O retorno de Marina da Silva ao Ministério do Meio Ambiente, que ela bem conhece e que foi desativado no último governo, é uma esperança de que o Brasil possa vir a conhecer adequadamente o seu maior patrimônio. Considerado, no estrangeiro, como a salvação climática para todo o planeta. Sem prejuízo, é preciso motivar todos os brasileiros a se interessarem pela região responsável pelo regime de chuvas no país inteiro, e que, se vier a ser comprometido - como já ocorreu no ano passado - vai acabar com a alegria da "salvação da lavoura" chamada agronegócio.

Para ajudar Marina a recompor o Ministério, é preciso fortalecer a sociedade civil brasileira e também não fechar as portas ao aporte de capital internacional, para que se reverta a vexaminosa condição brasileira de "Pária Ambiental", título obtido no último quatriênio.

Espera-se que o Ministério Indígena ponha cobro na violência que produz matança, na continuidade de um genocídio que teve início no século XVI e que ainda não terminou. Invasão de terras, assassinato de defensores, a desvalorização do significado dessas etnias, tudo vem acontecendo com a leniência do Estado. E com o beneplácito dos que consideram o indígena um semovente e não um ser humano merecedor de tratamento digno, em nada diferente daquele destinado ao branco.

João Moreira Salles, na entrevista concedida ao jornalista Vinicius Sassine, observou - não sem certa perspicácia - um paradoxo instigante: "O garimpo ilegal e a ocupação das terras públicas brasileiras configuram uma coisa curiosa, se levarmos em conta que esse governo é muito ligado ao pensamento militar. Os militares sempre tiveram a obsessão da soberania. A grande ironia é que nesses quatro anos o Estado brasileiro perdeu a soberania da Amazônia. É na Amazônia que facções disputam poder. As armas e ferramentas do garimpo não são mais dragas. É isso, mais fuzil AR-15. Você não entra mais".

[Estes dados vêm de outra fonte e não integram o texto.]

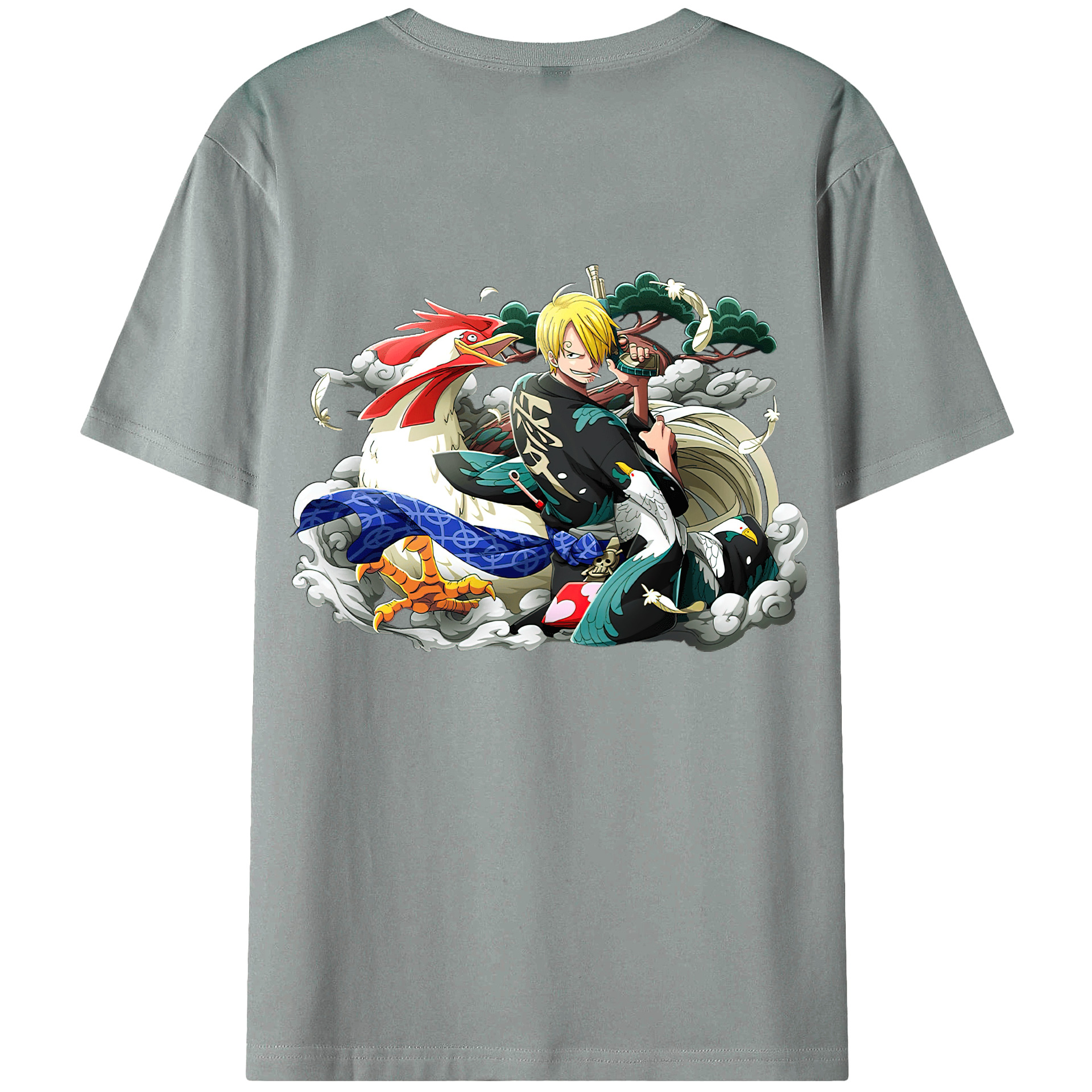 （画像用） ワンピース サンジ ONE PIECE Sanji 綿100％ メンズ半袖Tシャツ（バックプリント） 通気性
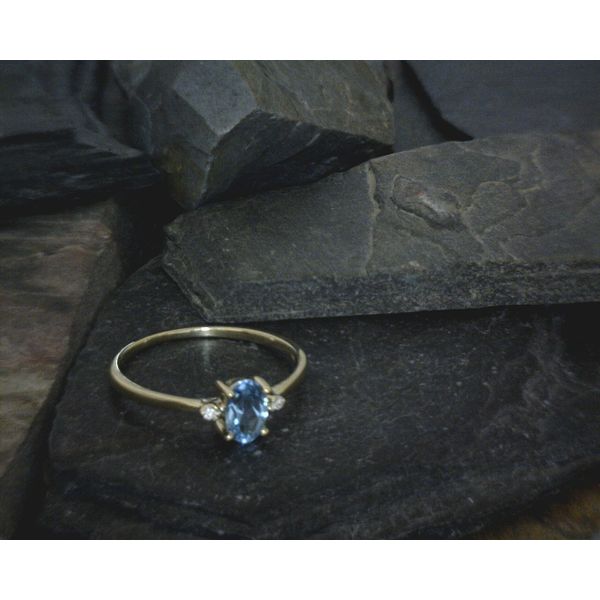 14ktyg Diamond & Blue Topaz Birthstone Ring Size 6 Vulcan's Forge LLC Kansas City, MO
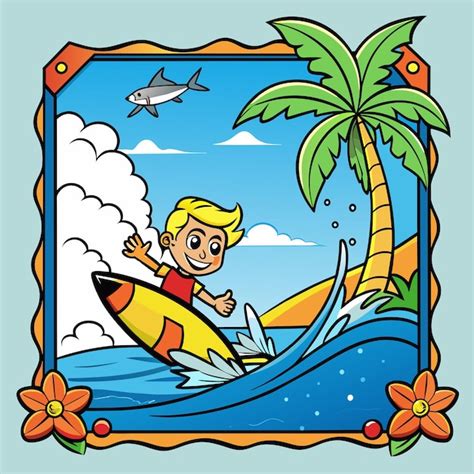 Um Desenho De Desenho Animado De Um Homem Surfando No Oceano Vetor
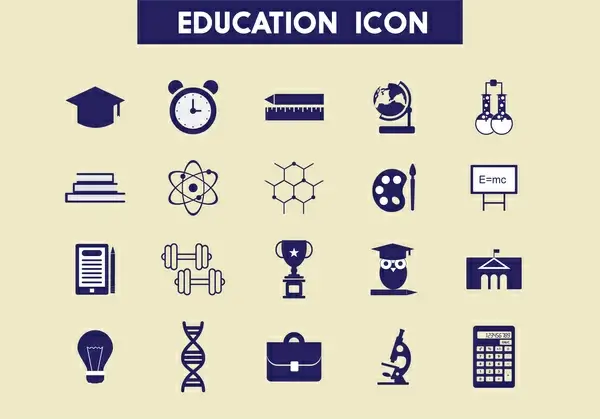 education icons set illustration with colored flat style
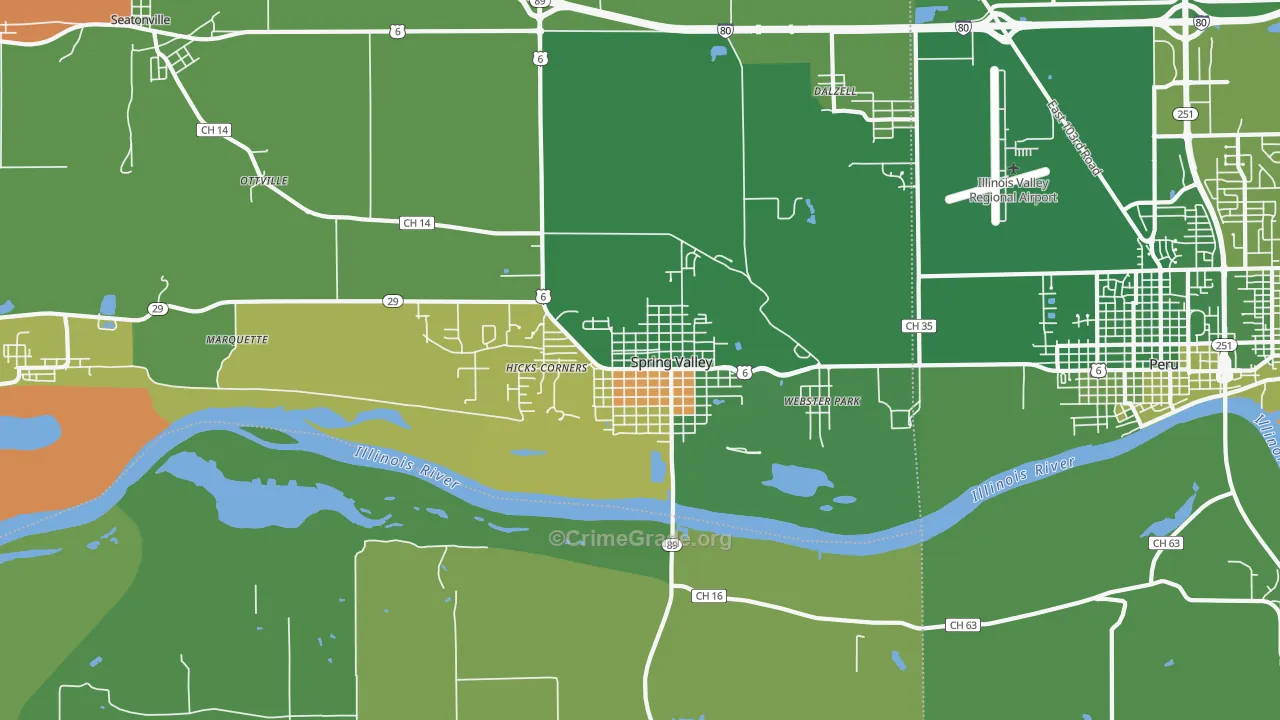 Spring Valley, IL Map of Murder Rates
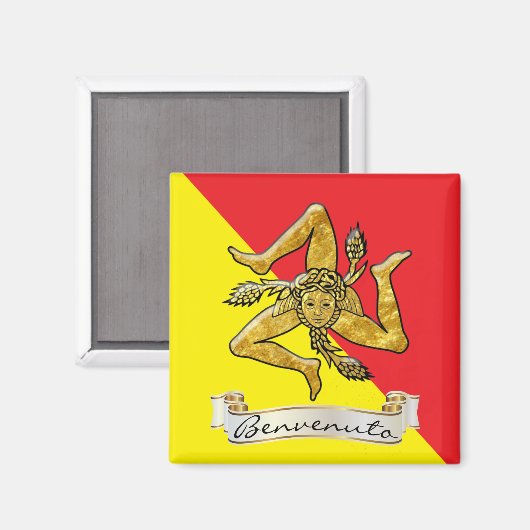 Sicilian Trinacria Benvenuto Magnet (Vorderseite/Rückseite)
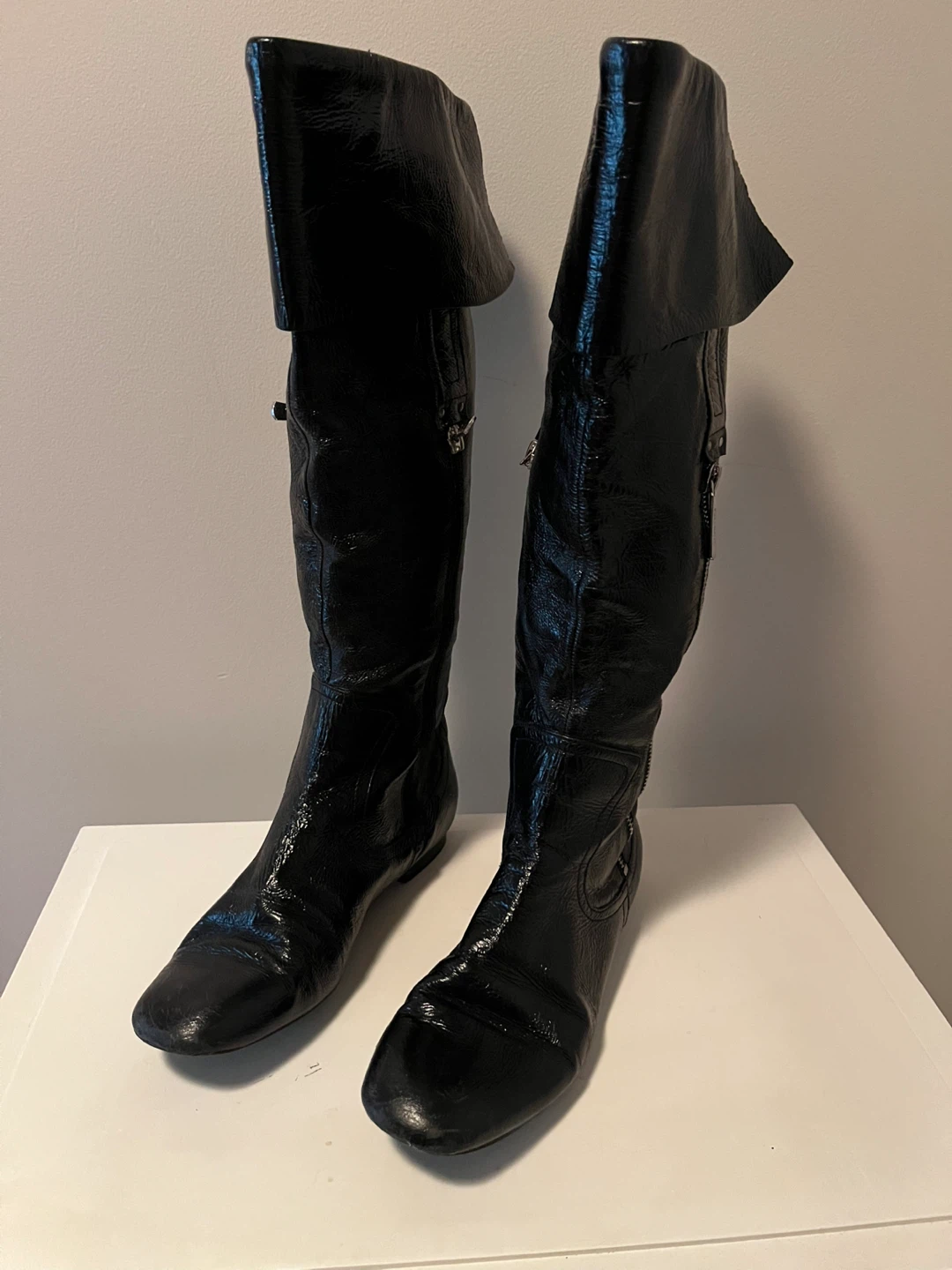 Guess Black Patent Leather Over-the-Knee Boots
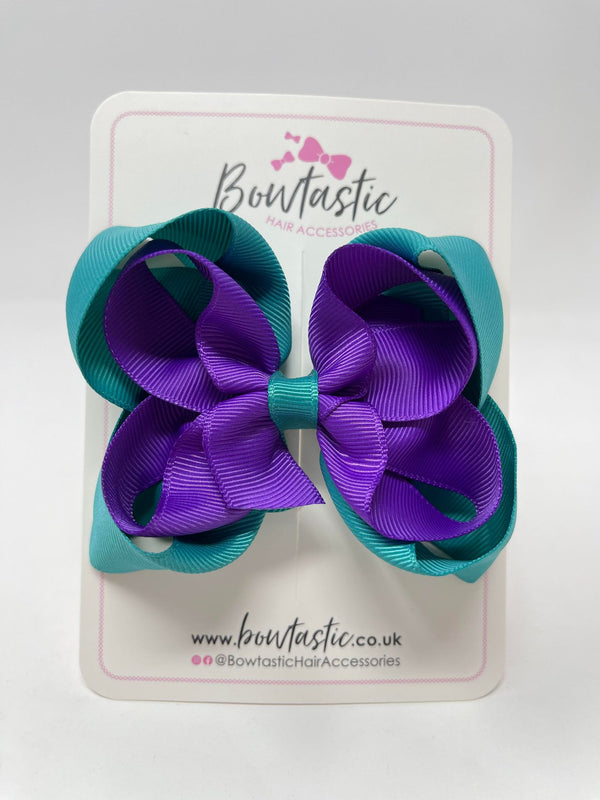 4.5 Inch Double Bow - Purple & Jade Green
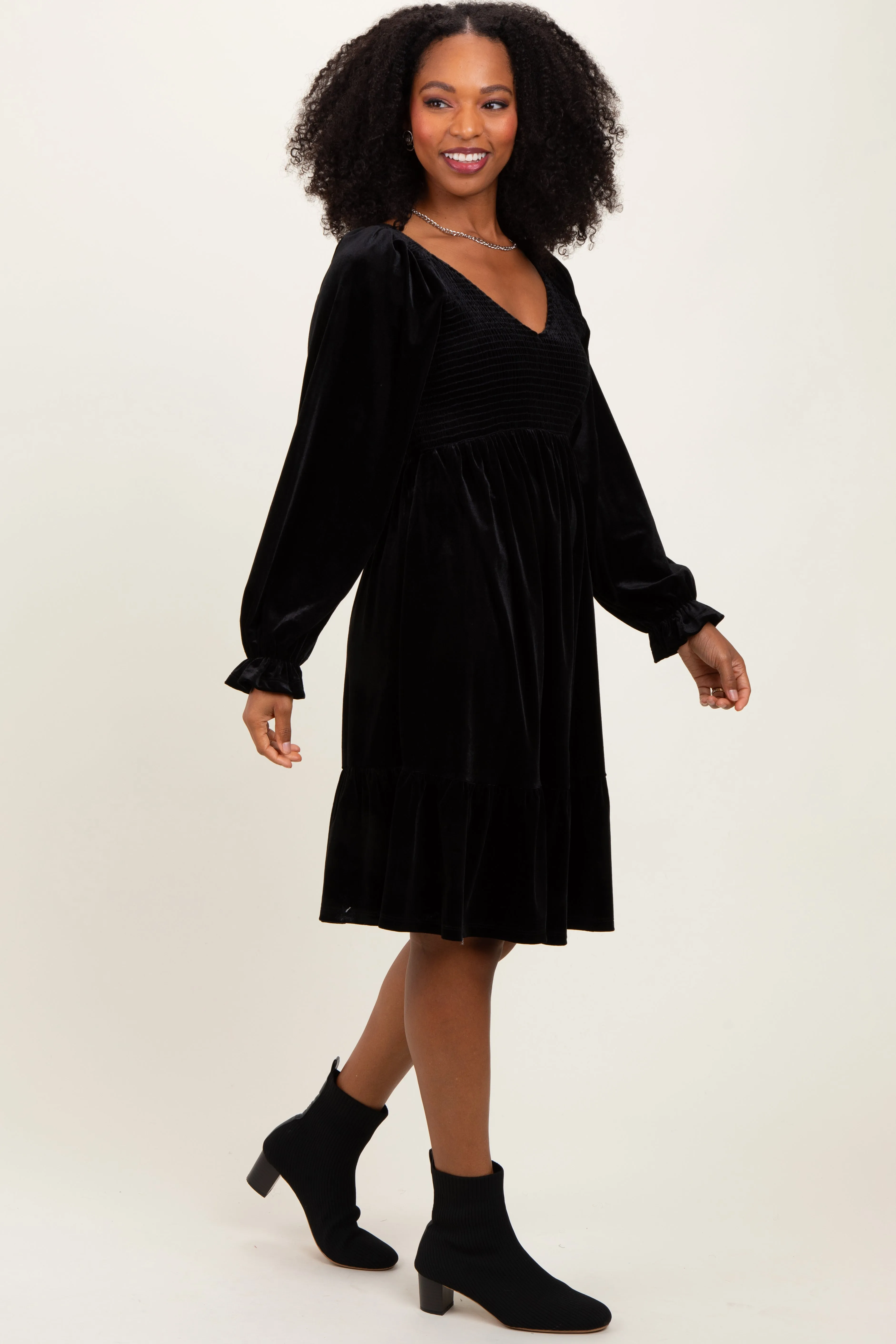 Black Velvet Smocked Long Sleeve Dress sold by Pinkblush product image thumbnail 3
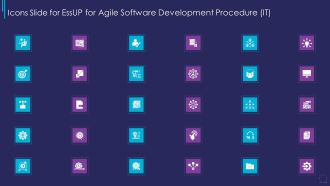 Icons Slide For Essup For Agile Software Development Procedure IT Pictures PDF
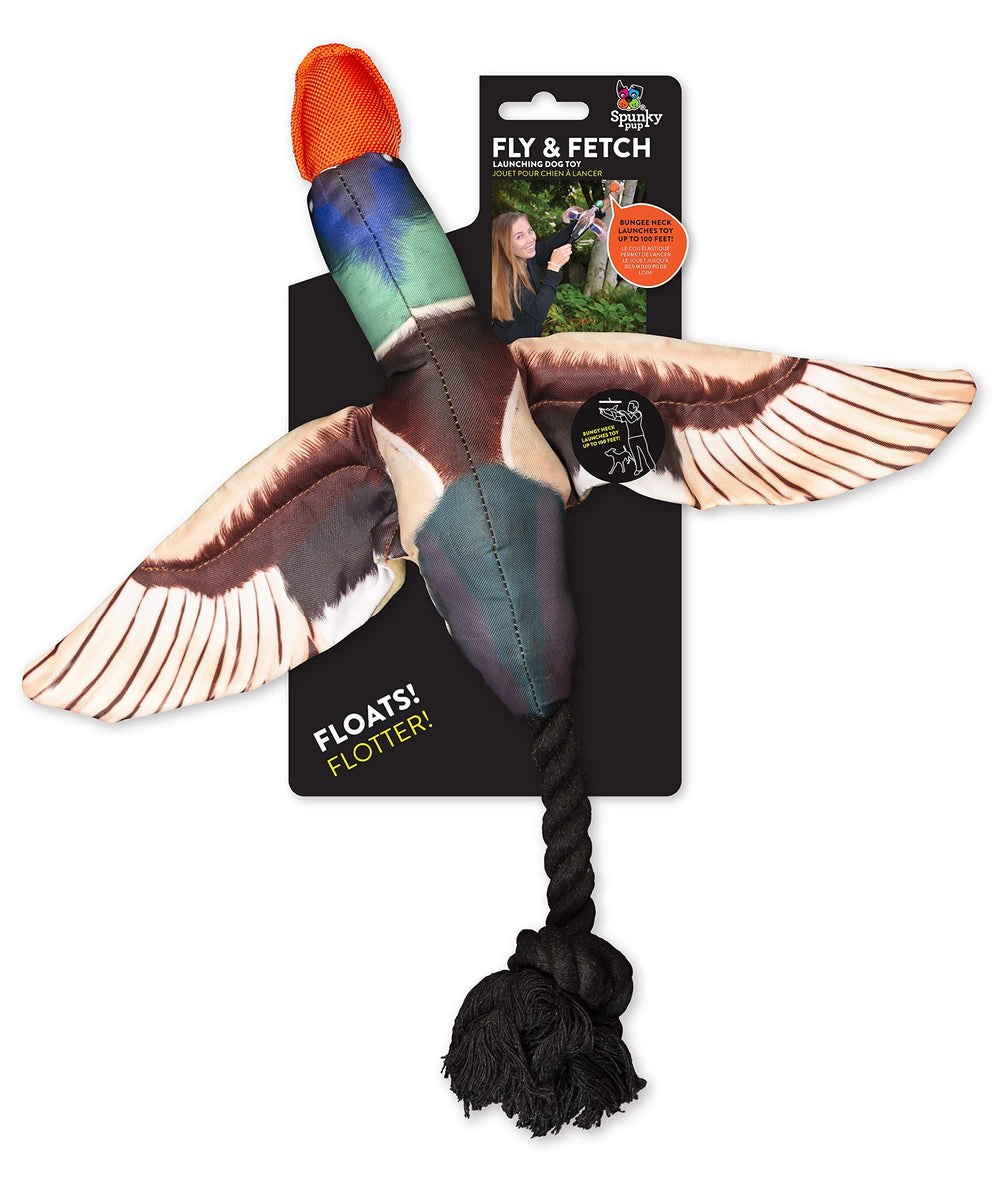 Spunky Pup Fly & Fetch Duck toy launching with built-in bungee for long-distance fetch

Por isso é bom que todos leiam "Arrabalde". Mais do que isso, assistam documentários. Façam concursos a respeito da Amazônia. Estimulem a participação de todos os estudantes e de toda a cidadania, para que reconheça o valor imenso da Amazônia para mitigar os efeitos do aquecimento global e para garantir ao Brasil uma economia mais próspera. Indaguem à sociedade o que fazer para salvá-la, integrando-a ao Brasil, que a negligencia tanto, que a entregou à criminalidade sofisticada, aquela que domina vários mercados, inclusive o do ouro.

Como diz João Moreira Salles, "as pessoas precisam fazer música sobre a Amazônia, pintar a Amazônia, fazer poema, peças de teatro, livros. Claro que muito disso já existe. Mas a floresta não impregnou a nossa imaginação, não faz parte do nosso patrimônio simbólico. E falo de nós brasileiros que não moramos lá".

Como está na capa do livro "Arrabalde", "A Amazônia produz 20 da água doce do planeta e abriga por volta de 16 mil espécies de árvores. Maior floresta tropical do mundo, ainda encerra mistérios que instigam pesquisadores e leigos". Está na hora do brasileiro comum acordar. E prestigiar o que o Brasil ainda tem de bom, apesar da crueldade com que o verde tem sido tratado nos últimos anos.